The touch about the defeated spirit hiding in the pet pigs, which thereupon grew cold, and being chased out by his antagonist was thoroughly Polynesian. It was most interesting to see the cultivated man of the world suddenly go back to superstitions that marked the childhood of the race; and then he told tales of the shark god, and of many other gods, and of devils and magicians.

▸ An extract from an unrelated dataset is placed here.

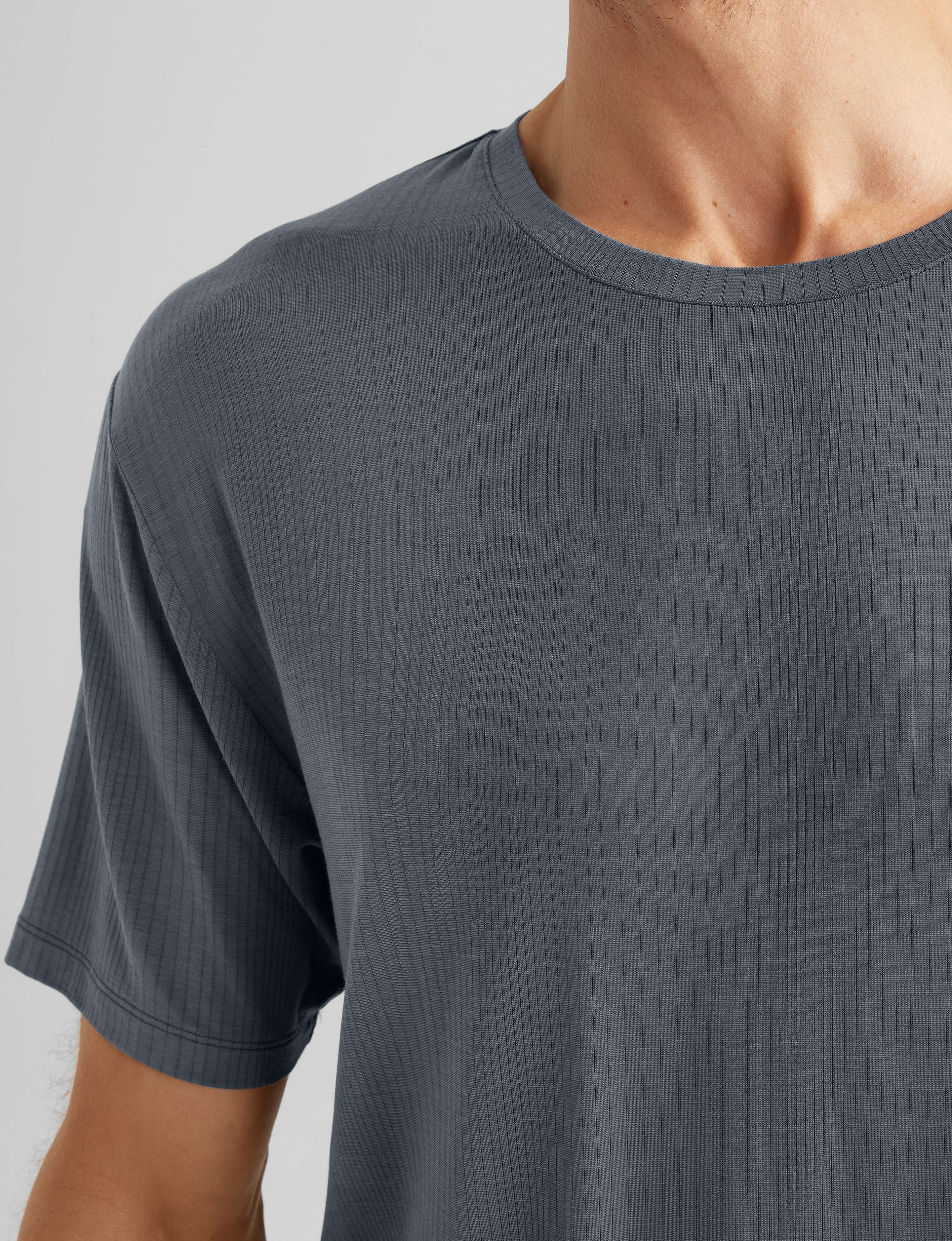 Second Skin Luxe Rib Sleep Tee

However, there is no lack of similar beliefs among our own people. Long ago I knew an old market gunner of eastern Long Island who shot ducks and bay-birds for a living. There was a deserted farmhouse on the edge of the marsh, handy to the shooting-grounds, which he would not enter. He insisted that once he had gone there on a gray, bitter November afternoon to escape the rain which was driving in sheets. He lit a fire in the kitchen and started to dry his soaked clothes. Suddenly, out of the storm, somebody fumbled at the latch of the door. It opened and a little old woman in gray entered. She did not look at him, and yet a chill seemed to fall on him. Nevertheless he rose and followed her as she went out into the hall. She went up the steep, narrow stairway. He went after her. She went up the still steeper little flight that went to the garret. But when he followed there was no one there. He came downstairs, put on his clothes, took up his heavy fowling-gun, and just as evening fell he started for the mainland along a road which at one point became a causeway. When he reached the causeway the light was dim; but a figure walked alongside the road on the reeds, not bending the tops; and it was a man with his throat cut from ear to ear.
However, to tell of the crooked beliefs of the men of our own race, who dwell beside the great waters or journey across the world's waste spaces, is aside from what I have to say of the wild hunting companions whose world was peopled by ghosts as real to their minds as the men and beasts with whom they were brought in touch during their daily lives.